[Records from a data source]
..............................

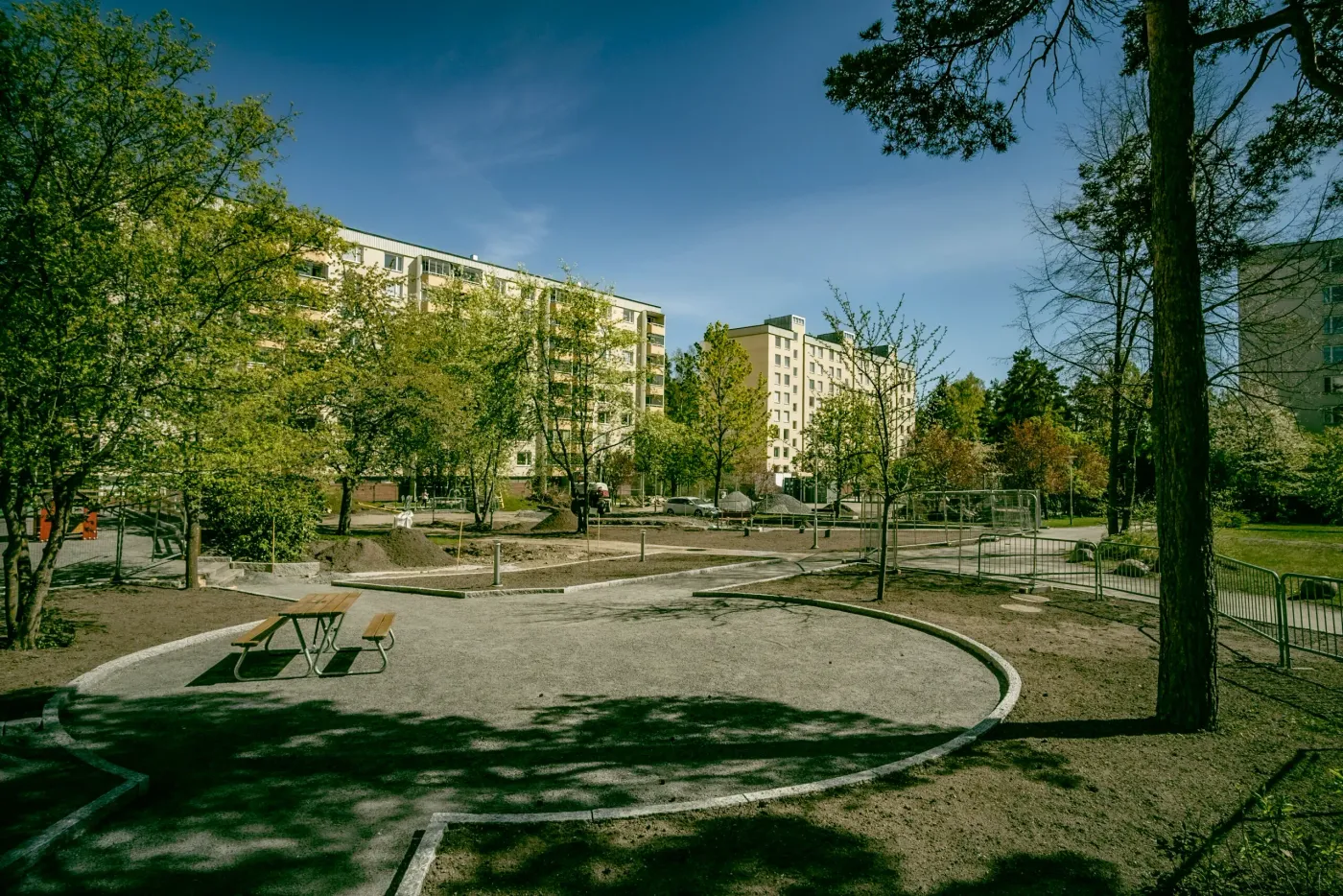 Gångar och finarbete i en liten park framför lägenheter
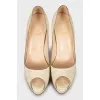 Heels with embossed leather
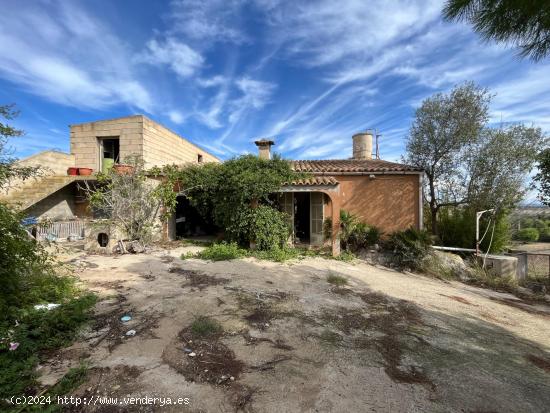 Casa de Campo a reformar con espectaculares vistas 360º - BALEARES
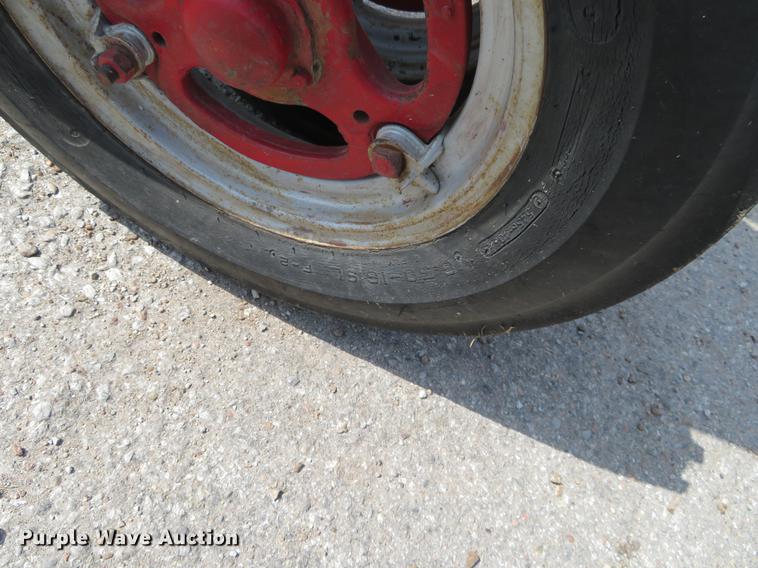 image for item DI9878 McCormick Farmall H tractor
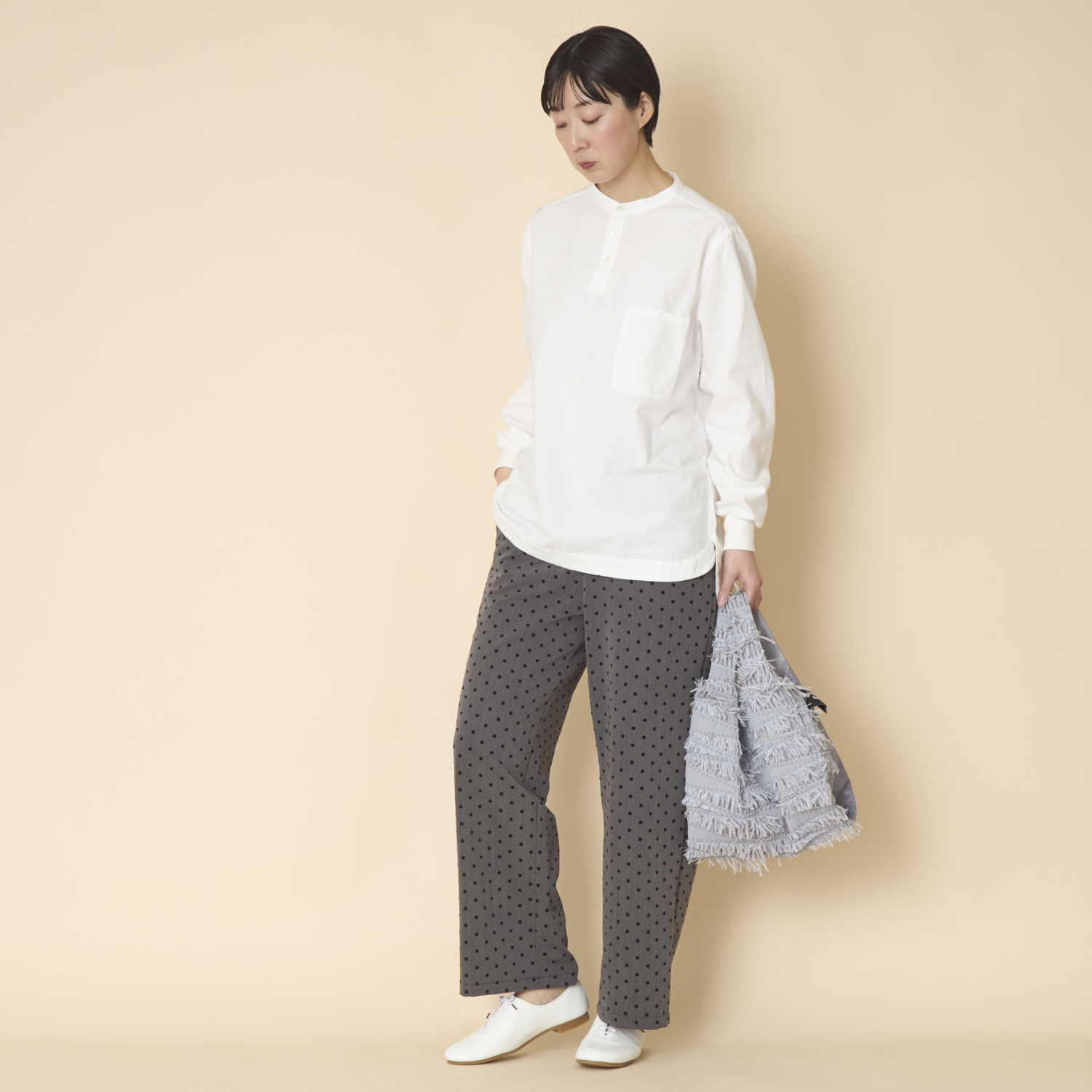denicher/フロッキードットストレートパンツ -無地以上、柄未満で手軽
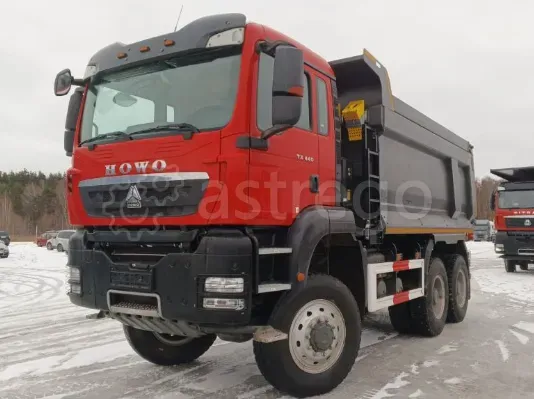 Самосвал HOWO TX Москва - изображение 1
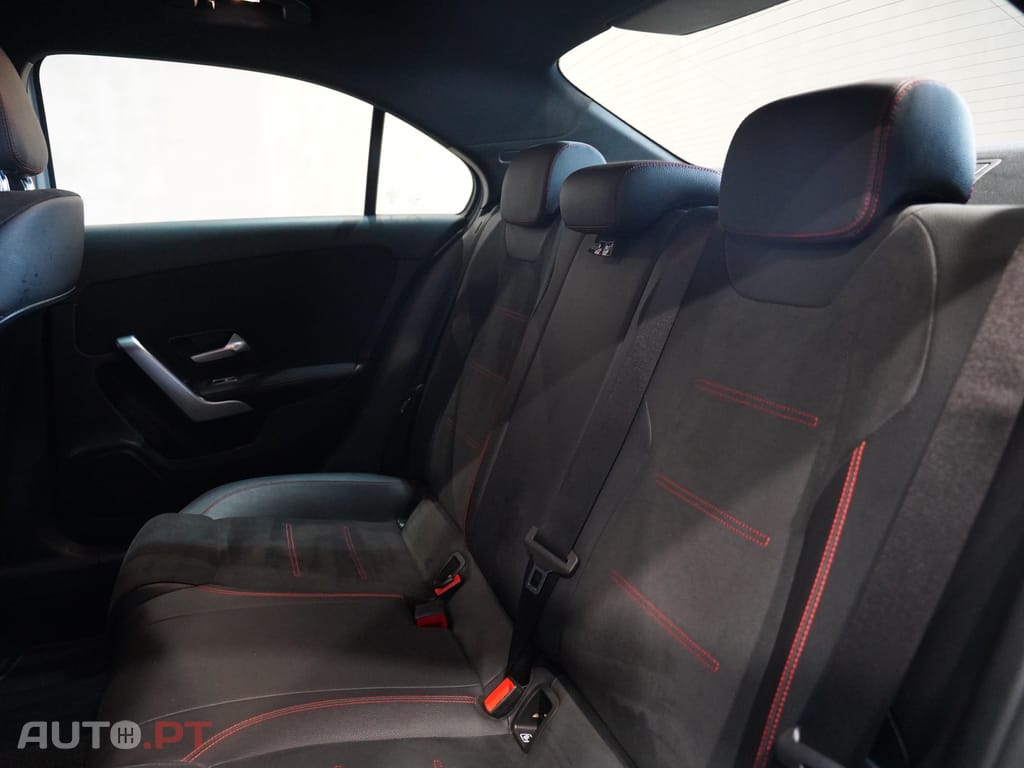 Mercedes-Benz A 180 d AMG Line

..............................

WORK TASK>
The lines wanted run from the one with "denicher/フロッキードットストレートパンツ -無地以上、柄未満で手軽" through the final line of the data; repeat them word for word and skip every picture.

SOLUTION TO THIS EXERCISE>
denicher/フロッキードットストレートパンツ -無地以上、柄未満で手軽
 Самосвал HOWO TX Москва - изображение 1
 Mercedes-Benz A 180 d AMG Line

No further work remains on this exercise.